There are workarounds mentioned by sibling comments but the fact is that EVs are, and will continue to be, very inconvenient for those who don't own a home.


I think "very inconvenient" is stretching it. The pessimal case is that you are 100% reliant on fast charging and have to spend 20 minutes once a week at your local shopping mall or wherever your convenient fast charger is. That may not correlate well with the shopping you want to do, but it's hardly a disaster. In practice it's only a little worse than gassing up, and it smells better.


> ”whats the solution for millions of renters that dont have access to ev stations at home though?”

The solution is to get chargers installed wherever you park the car. May require legislation if your landlord is uncooperative.

In the mean time, charging at a public charging station isn’t so bad provided it’s convenient and reliable. If you can combine charging with shopping or dining etc it’s not much different to topping up at a gas station. Probably cheaper too!


Here in Alaska, people commonly plug in their normal cars in the winter so they will start after a cold night (these are heating units that are spliced into the engine's hoses to circulate and warm the engine coolant). Just about every private parking spot has an electrical outlet for each parking space, even at quite downscale apartment buildings. It's usually controlled by a switch inside the unit. You can flip it on when you wake up so the car is warmed up enough to start by the time you leave for work.

I remember many years ago that having one of these outlets was a bullet point for apartment listings, but nowadays it's just expected.

So the market worked in that case.

EV charging stations are going to be more expensive than a basic 20 amp outlet (a quick web search indicates $700 to $2,000, not including installation), but not all that expensive, compared to the other capital expenses involved in being a landlord.


Even $700 seems expensive for a basic wall charger. I see them as low as £225 (USD $310) here in the UK[1], so expect them to get cheaper as the market develops. Of course, the real cost is in the installation and wiring.

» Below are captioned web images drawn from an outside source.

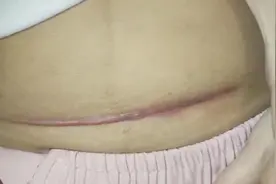 两年剖腹产疤痕都没了！这方法你真得看！视频封面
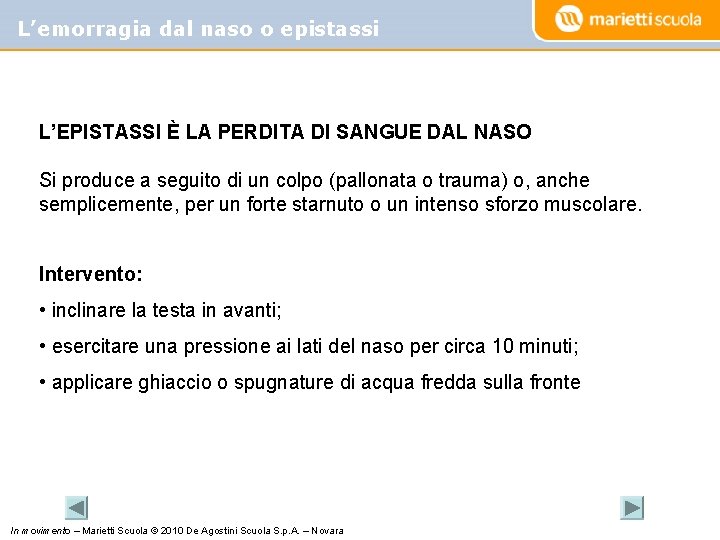 L’emorragia dal naso o epistassi L’EPISTASSI È LA PERDITA DI SANGUE DAL NASO Si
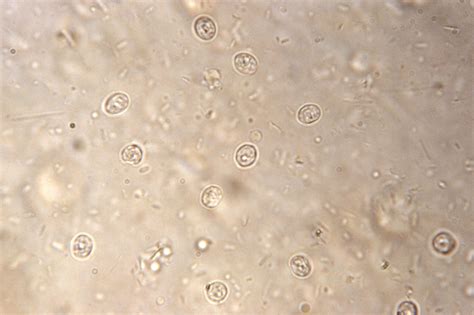  Kryptosporidium: Sürünerek İlerleyen Mikroskobik Bir Canlı mı Yoksa Suya Dalmış Bir Gökkusu mu?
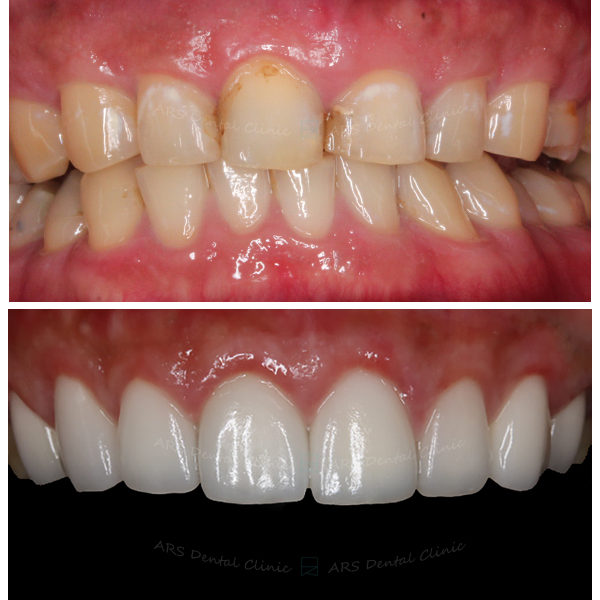 Z-CLS+Veneer+全瓷冠#14-#24 (5184) G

[1] https://evonestop.co.uk/collections/home-charging-range/prod...


For permanent installation in parking lots, they need to be weatherized, rugged enough to make at least a token resistance against people running them over, and so on.

The ones I was seeing were built into bollard-like posts.


Yes. Note that the one I linked to is weatherised (IP65), and claims "Corrosion resistant & fire retardant, Impact resistant design" ... so it should be rugged enough to survive in typical apartment parking lots.

Obviously bollards will cost more, but something like this would be suitable if you have parking spaces up against an existing wall.


Same in the nordics.

There's a block heater for the engine, just to get the oil to a sane temperature. Pretty much every single parking spot in apartment buildings has an 8A/230V socket for it.

If you remove the default 2 hour timer from it, you can use the exact same socket to charge 100-200km of range to an electric car over night.


Especially for a long range teslas. 300-400 mile range plus 250kW charging is pretty close to the gas vehicle experience. It’s doable to do exclusively supercharging, although you’re missing out on some of the biggest benefits of EVs.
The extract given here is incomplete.